Now, suppose there exists a statement X that I want to state. X is true and important, and saying it has positive results Y. But X would also have negative effect Z. Now, if Y includes all the secondary positive effects of speaking truth and seeking clarity, and I conclude Z>>Y, I should consider shutting up if I can't find a better way to say X that avoids Z. Sure. Again, this need not be an extraordinary situation, we all decide to keep our big mouths shut sometimes.

But suppose I think Y>Z. Am I responsible for Z? I mean, sure, I guess, in some sense. But is it my responsibility to prevent Z before I can say X? To what extent should I prioritize preventing Z versus preventing bad thing W? What types of Z make this more or less important to stop? Obviously, if I agree Z is bad and I can efficiently prevent Z while saying X, without doing other harm, I should do that, because I should generally be preventing harm when it's cheap to do so, especially close-by harm. But hurting people's ability to say X in general, or this X in particular, and be heard, is big harm.
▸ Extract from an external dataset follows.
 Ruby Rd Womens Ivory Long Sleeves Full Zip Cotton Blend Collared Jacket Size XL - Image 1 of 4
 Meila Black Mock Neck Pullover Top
If it's not particularly efficient to prevent Z, though, and Y>Z, I shouldn't have to then prevent Z.

I shouldn't be legally liable for Z, in the sense that I can be punished for Z. I also shouldn't be punished for Z in all cases where someone else thinks Z>Y.
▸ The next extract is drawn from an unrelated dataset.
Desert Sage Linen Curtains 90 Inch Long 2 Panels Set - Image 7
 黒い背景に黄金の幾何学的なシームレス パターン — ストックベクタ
Unless I did it on purpose in order to cause Z, rather than as a side effect, in which case, yes.

Or if I damn well knew or should have known Z happens and Z>>Y, and then... maybe? Sometimes? It gets weird. Full legal theories get complex.

If someone lies, and that lie is going to cause people to give money to a charity, and I point out that person is lying, and they says sure they were lying but I am now a horrible person because I am responsible for the thing that charity claims to be trying to stop, and they have a rhetorical leg to stand on rather than being banned, I don't want to stand anywhere near where that's the case.
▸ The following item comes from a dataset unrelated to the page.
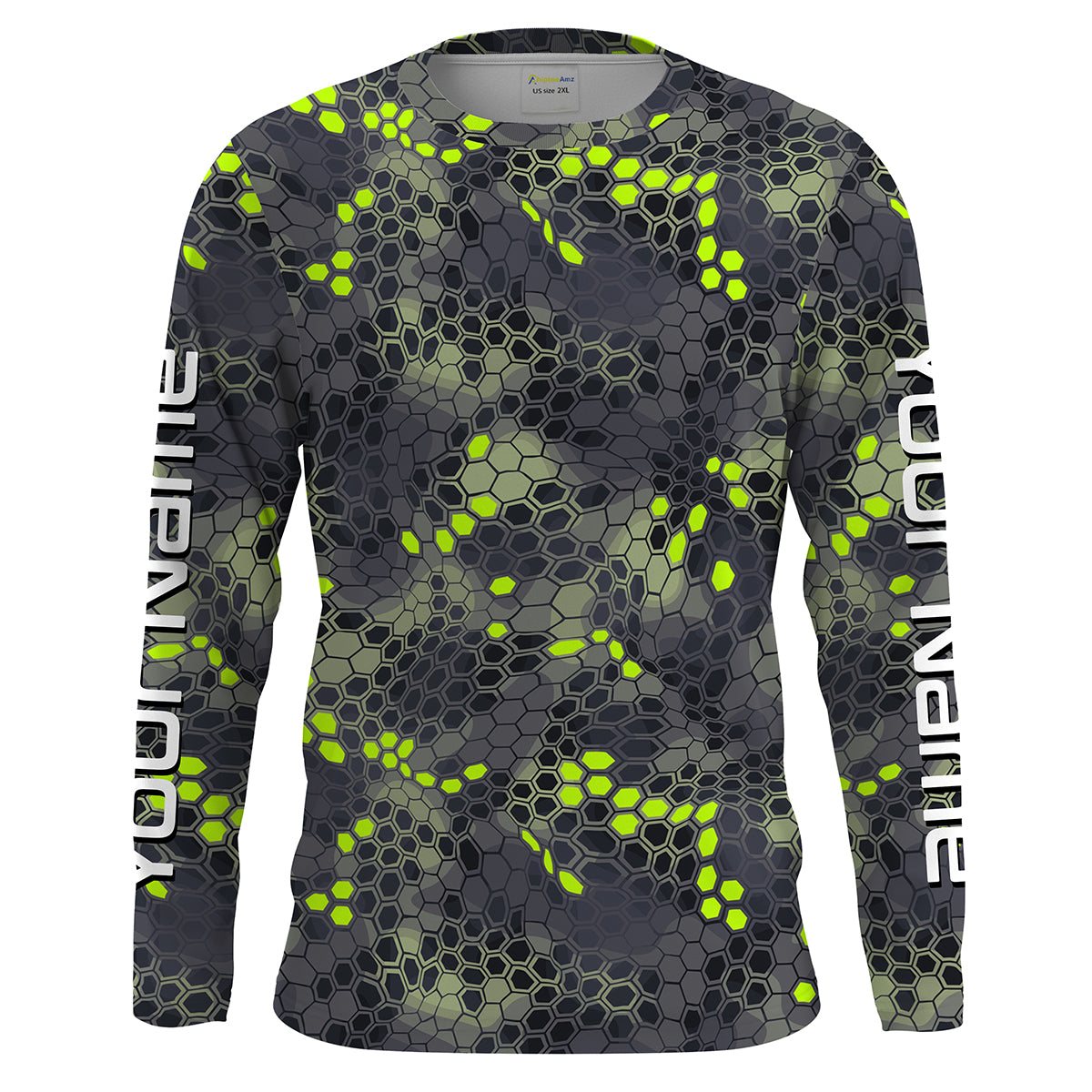 Black And Green Camo Custom Long Sleeve Performance Fishing Shirts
Also important here is that we were talking about an example where the 'bad effect' was an update that caused people to lower the status of a person or group. Which one could claim in turn has additional bad effects. But this isn't an obviously bad effect! It's a by-default good effect to do this. If resources were being extracted under false pretenses, it's good to prevent that, even if the resources were being spent on [good thing]. If you don't think that, again, I'm confused why this website is interesting to you, please explain.

I also can't escape the general feeling that there's a large element of establishing that I sometimes trade things off against truth at some exchange rate, so we've established what we all are, and 'now we're talking price.' Except, no.

The conclusion of your statement makes it clear that these proposed norms are norms that would be enforced, and people violating them would be warned or banned, because otherwise such norms offer no protection against such bad actors.

If I need to do another long-form exchange like this, I think we'd need to move to higher bandwidth (e.g. phone calls) if we hope to make any progress.

comment by Ruby · 2019-07-18T02:48:41.941Z · score: 2 (1 votes) · LW · GW
I am having a hard time responding to this in a calm and polite manner. I do not think the way it characterizes my position is reasonable. Its core thesis seems incompatible with truth seeking. It seems to be engaging in multiple rhetorical devices to win an argument, rather than seek clarity, in ways that spike my stress and threat assessment levels. It would be against my ideal comment norms. I wouldn't normally mention such things, but in context I expect you would want to know this.

I am glad you shared it and I'm sorry for the underlying reality you're reporting on. I didn't and don't want to cause you stress of feelings of threat, nor win by rhetoric. I attempted to write my beliefs exactly as I believe them*, but if you'd like to describe the elements you didn't like, I'll try hard to avoid them going forward.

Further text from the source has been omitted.